Here is the detail that should stop every reader cold: the chagigas arba’ah asar had to be eaten before the Korban Pesach at the Seder. Not after it but before. The reason given is that one should eat the Korban Pesach while still somewhat satisfied, not ravenous, so that the eating itself would be conducted with composure and honor rather than desperate hunger. In other words, the Torah was concerned that the Seder night’s central act — eating the Korban Pesach — be done b’kavod, with dignity. And so it arranged for a prior course.
Like its cousins, the chagigas arba’ah asar was kodshim kalim, it could be brought from sheep or cattle of either gender, required semichah and the standard blood service, and was slaughtered anywhere in the Azarah. Its blood, like that of all the shelamim family, was applied at the northeastern and southwestern corners of the altar — one application at each corner, each one counting as two, covering both walls of the corner simultaneously.
The Shelamim
To understand the shlamim, let’s first understand the standard korban shelamim, the peace offering. Brought voluntarily, out of gratitude or simple goodwill toward HaKadosh Boruch Hu, the shelamim was unlike other offerings. The eimurim — the designated internal fats, the chelev, the kidneys, the diaphragm — went up in smoke on the altar. The chazeh (breast) and shok (right hind thigh) went to the kohanim and their households. And the remainder? It went back to the owner. To his family, his guests, anyone who was tahor and hungry and present in Yerushalayim.
Perhaps the most striking moment in the entire avodah of the shelamim was the tenufah — the waving ceremony. After the shechita, the kohen took the chazeh and shok and placed them on the hands of the owner himself. Then the kohen slid his own hands beneath the owner’s hands — both of them now holding the meat together — and together they waved it: forward and back, up and down, to all four compass points of the world.
The meat had to be eaten within Yerushalayim, and the window was generous — the day of the offering, the night, and all of the following day until sunset. Two days and one night of sacred feasting in the Holy City.
The Shalmei Chagigah: When Obligation Meets Joy
Three times a year, every Jewish male was commanded to make the aliyah l’regel, the pilgrimage to the Beis HaMikdash on Pesach, Shavuos, and Sukkos. And to make that appearance halachically complete, to transform it from a mere visit into a genuine re’iyah — a standing before Hashem— one was obligated to bring a shalmei chagigah. Without it, you had traveled to Yerushalayim, but you hadn’t truly appeared.

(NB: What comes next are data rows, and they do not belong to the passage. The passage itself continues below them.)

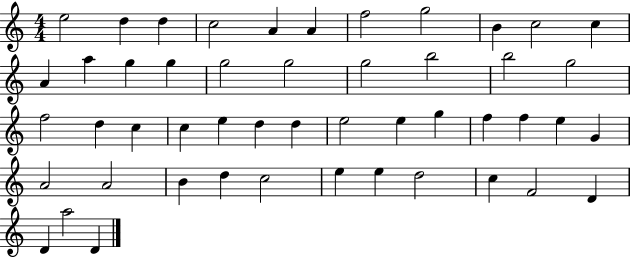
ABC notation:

X:1
T:Untitled
M:4/4
L:1/4
K:C
e2 d d c2 A A f2 g2 B c2 c A a g g g2 g2 g2 b2 b2 g2 f2 d c c e d d e2 e g f f e G A2 A2 B d c2 e e d2 c F2 D D a2 D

In its mechanics, the shalmei chagigah closely resembles other shlamim. The same tenufah waving. The same eimurim burned on the altar. The same two days and one night for eating the meat. The same kodoshim kalim — minor sanctity — governing where it could be shechted and consumed. But one halachic distinction sets the shalmei chagigah apart in a way that reveals its essential nature: it overrides Yom Tov. The standard shelamim — a voluntary offering — has no power to push aside the restrictions of the festival day. But the shalmei chagigah, tethered as it is to the Yom Tov itself, carries enough halachic weight to be brought even when the festival would otherwise complicate the service. Shabbos it cannot override. Tumah it cannot override. But Yom Tov? Yom Tov it can, because the chagigah is, in the deepest sense, what Yom Tov is for.
The ideal time to bring it was the first day of the festival. But the Torah was merciful: if a pilgrim missed the first day — illness, distance, circumstance — he had the entire remaining days of the Yom Tov to fulfill his obligation. The door stayed open until the festival was entirely over.
Taken together, these three korbanos form a coherent and beautiful family — the shelamim, the shalmei chagigah, and the chagigas arba’ah asar. They are offerings that brought the kohen and the Yisroel together. They filled Yerushalayim with the smell of sacred meat and the sound of families eating together. They ensured that no one stood before Hashem empty-handed, and that no one ate the Korban Pesach on an empty stomach.
They are the cousins the Korban Pesach never mentions — but without whom, the Seder table was never quite complete.